Publication: Web Data Retrieval, Management, and Analysis
Date
Authors
Journal Title
Journal ISSN
Volume Title
Publisher
Abstract
The World Wilde Web is a popular and interactive medium to disseminate information today. The Web has become a huge and mostly unstructured data repository. Peer-to-Peer system also has become a popular file sharing platform in recent years. In this dissertation, we consider three issues: capturing individual user's access patterns for Web data mining, the influence of user's clicking behavior and user's interest for Web structure mining, and the searching policy for P2P system. For capturing individual user's access pattern, we design and implement an access pattern collection server to conduct data mining in the Web. By using the concept of page conversion, the proposed method is able to resolve the difficulty imposed by proxy servers and capture the Web user behavior effectively. Using the devised mechanism, traversal patterns are generated and compared to those produced by the ordinary Web servers to validate our results. In addition, for considering the page readers' contribution in Web structure mining, the influence of user's interest in VIPAS system is discussed. We devise a new algorithm, called Adjustable Cluster based VIPAS (AC-VIPAS), to adjust Web pages' scores according to the recommendation of users with similar interest. The experiment is conducted to evaluate the performance of the content based user cluster.
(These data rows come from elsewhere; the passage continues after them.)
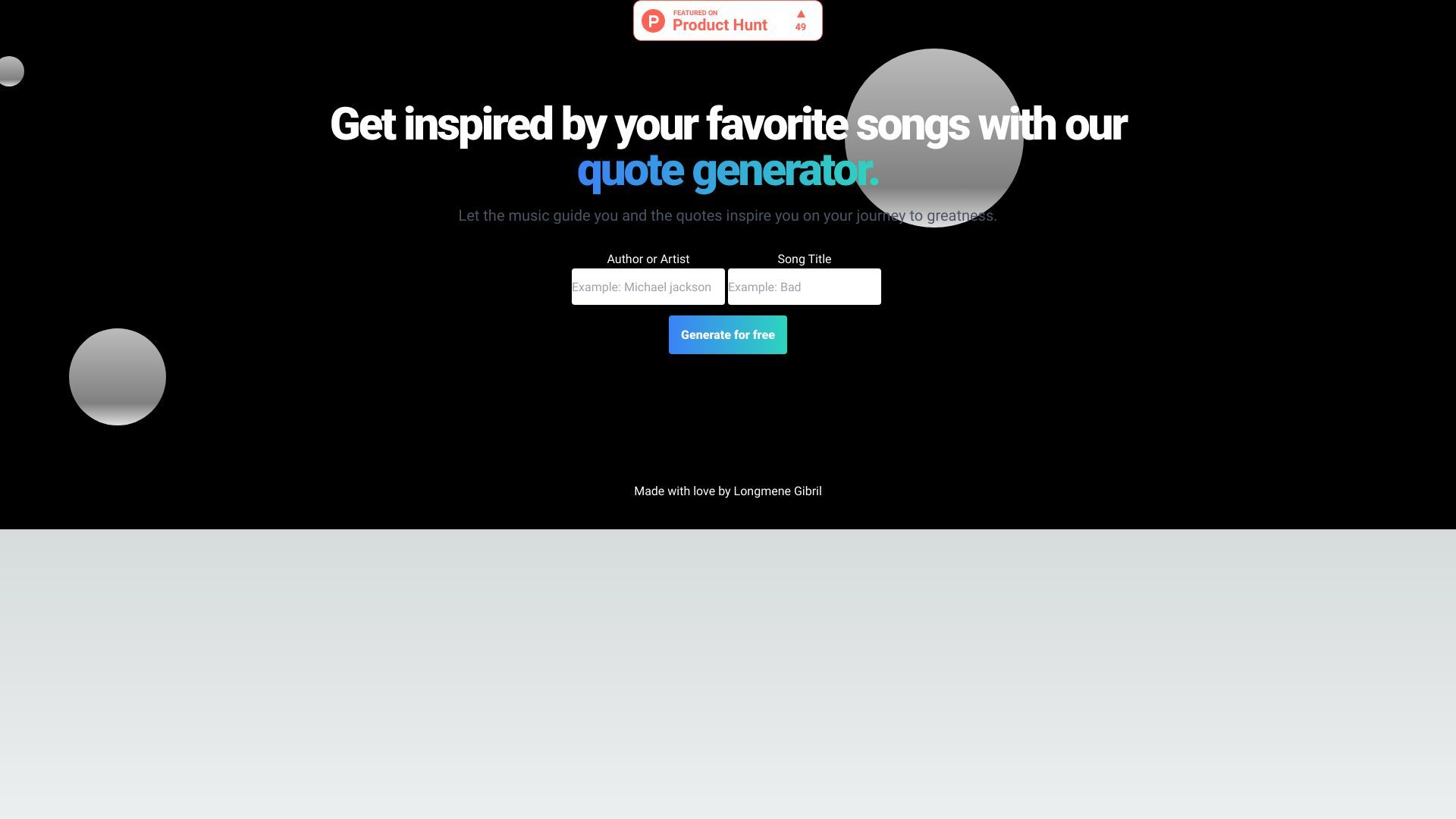 Song Quote Generator image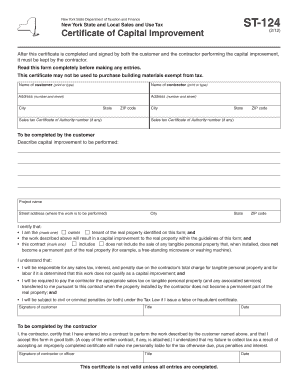 New York State Capital Improvement Certificate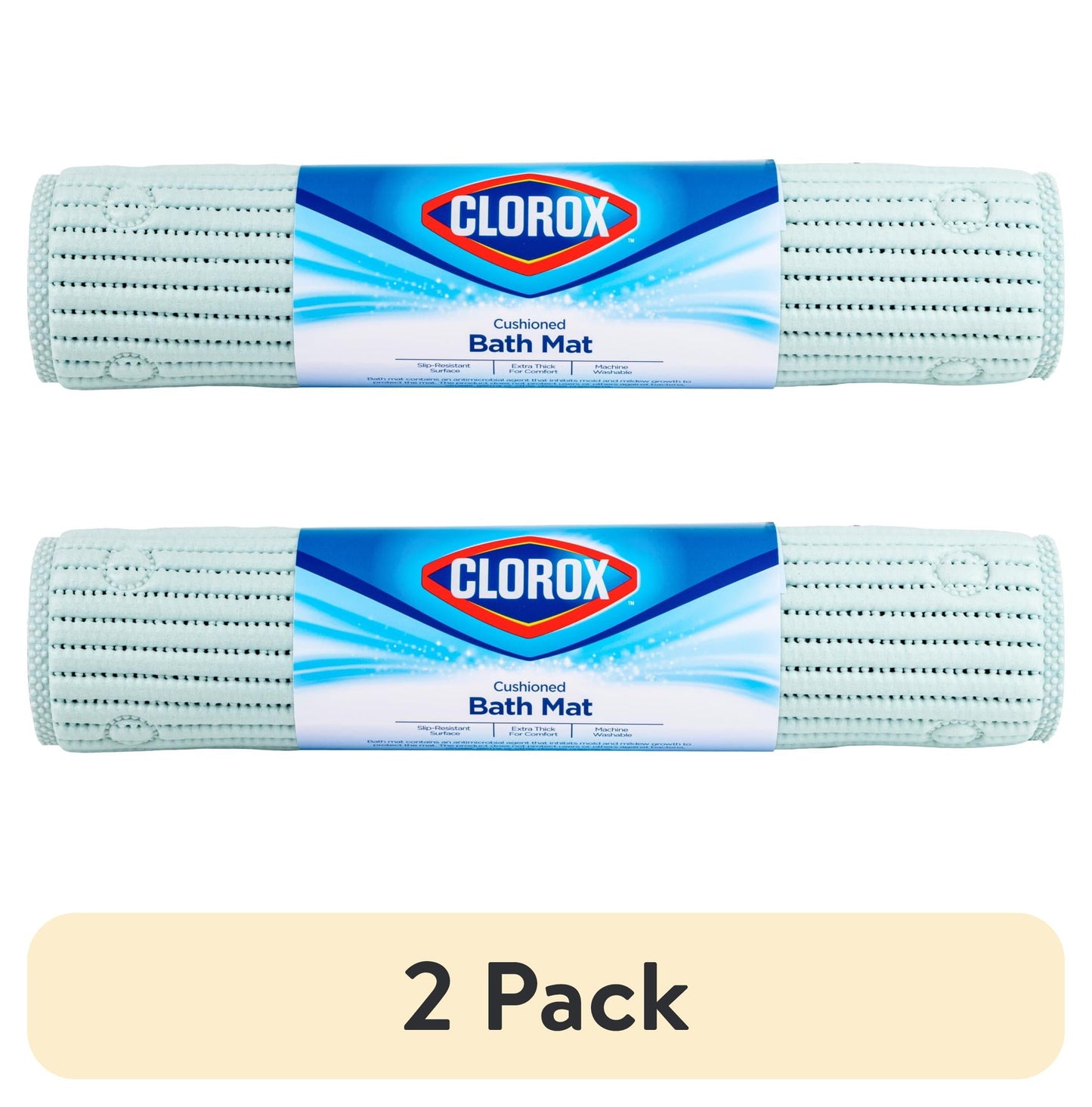 (2 pack) Clorox Sky Blue Cushioned Bathtub Mat with Suction Cups, 17 in. x 36 in.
Finally, for improving the searching performance in Peer-to-Peer system, we propose a cluster-based peer-to-peer system, called PeerCluster. In PeerCluster, all participant computers are grouped into various interest clusters, each of which contains computers that have the same interests. To efficiently route and broadcast messages across/within interest clusters, a hypercube topology is employed. Moreover, we augment PeerCluster with a system recovery mechanism to make it robust against unpredictable computer/network failures.